On March 15, 2018, The Hartford repaid at maturity the $320  principal amount of its 6.3% senior notes.
Revolving Credit Facility
The Company has a senior unsecured five-year revolving credit facility (the “Credit Facility”) that provides for borrowing capacity of up to $1 billion of unsecured credit through October 31, 2019, subject to amended terms and conditions as described below, available in U.S. Dollars, Euro, Sterling, Canadian Dollars and Japanese Yen. Of the aggregate principal amount available, up to $250 is available to support letters of credit. U.S. Dollar loans will bear interest at the higher of a rate (the prime rate or the Federal Funds Rate plus 0.50% ) plus a basis point spread based on The Hartford’s credit rating and will mature no later than October 31, 2019. Letters of credit issued from the Credit Facility bear a fee based on The Hartford’s credit rating and expire no later than October 31, 2020. The Credit Facility requires the Company to maintain a minimum consolidated net worth excluding AOCI, limits debt based on a maximum senior debt to capitalization ratio of 35%, and includes other customary covenants.

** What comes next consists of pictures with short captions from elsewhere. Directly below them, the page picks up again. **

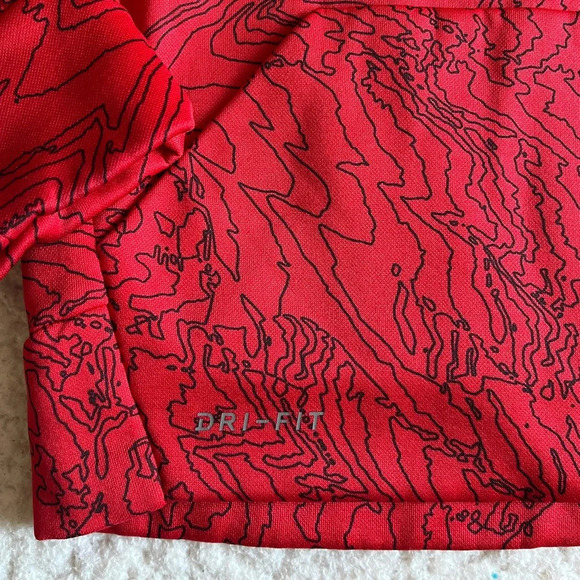 Nike dri fit hooded sweatshirt, black/red. Size 4T - Picture 3 of 6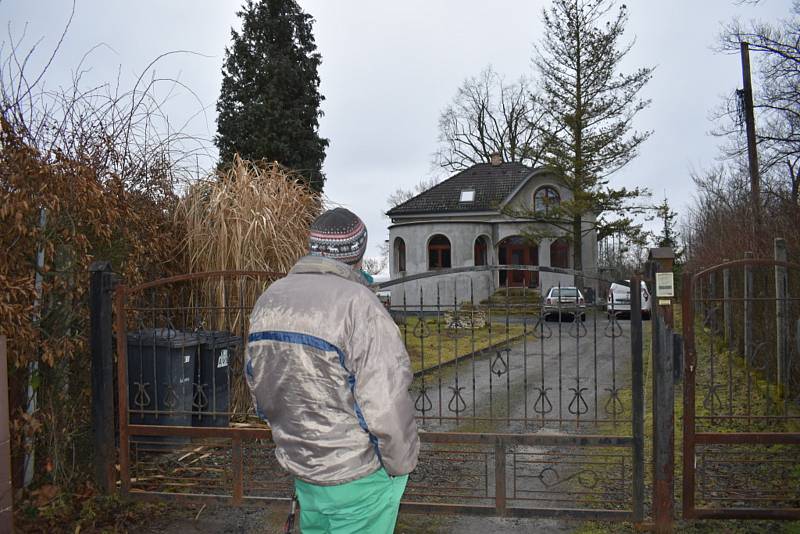 Poklidná obec Vysoká - Bosyně na Kokořínsku se stala v neděli dějištěm hrůzy. Mladá žena zde měla podle policie brutálně zavraždit svého partnera.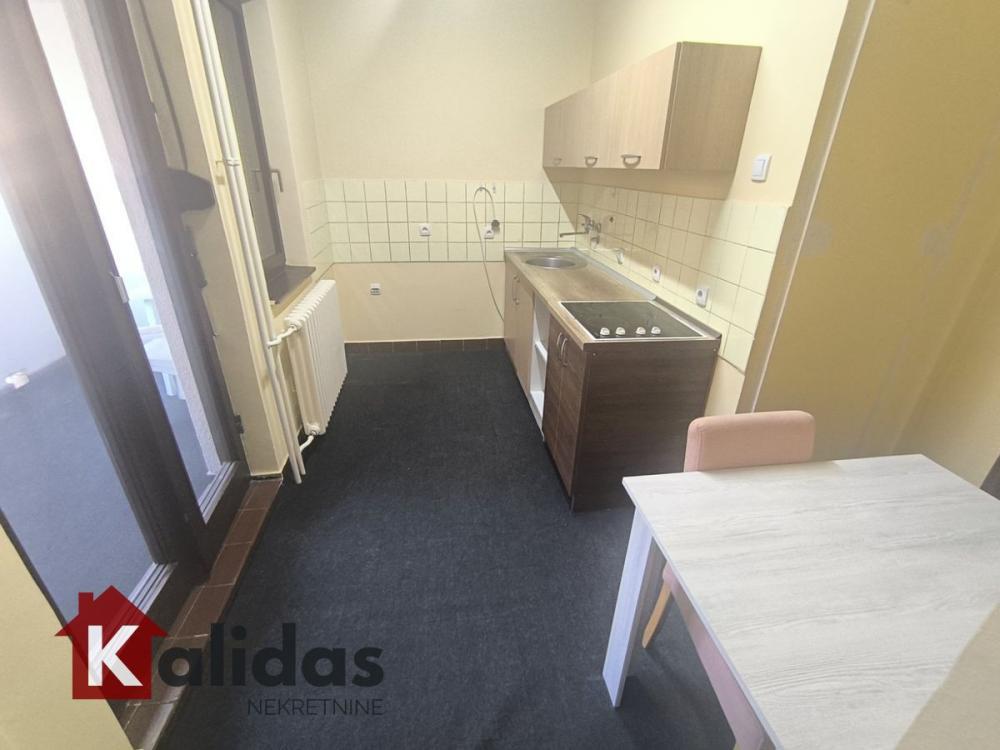 Slika 4 - Stan,NOVI SAD,NOVA DETELINARA,kv: 40, € 115350, ID: 1008633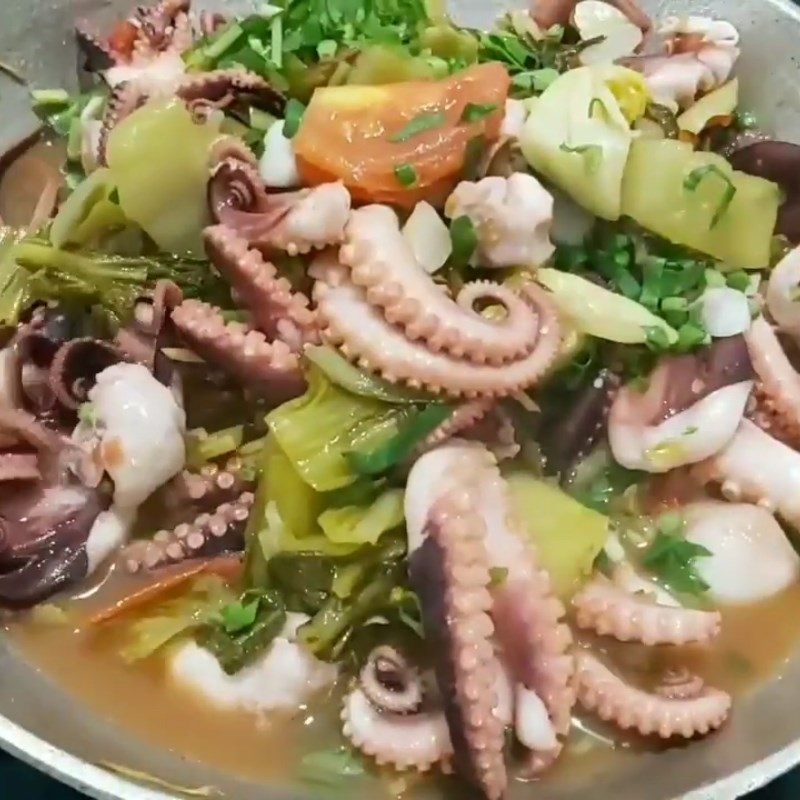 Step 4 Completion Stir-fried octopus with pickled mustard greens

As of March 31, 2018, no borrowings were outstanding and $3 in letters of credit were issued under the Credit Facility and the Company was in compliance with all financial covenants.
On March 29, 2018, the Company entered into an amendment (the "Amendment") to its Credit Facility that reset the level of the Company’s minimum consolidated net worth financial covenant to $9 billion excluding AOCI from its former $13.5 billion (where net worth was defined as stockholders' equity excluding AOCI and including junior subordinated debt), among other updates. The Amendment also provides for an amended and restated credit agreement that would, upon and subject to certain conditions including consummation of the sale of the life and annuity run-off business and among other changes, (i) decrease the aggregate principal amount of the facility from $1 billion to $750, including a reduction to the amount available for letters of credit from $250 to $100 (ii) change the maturity date to March 29, 2023, and (iii) modify the liens covenant and certain other covenants therein.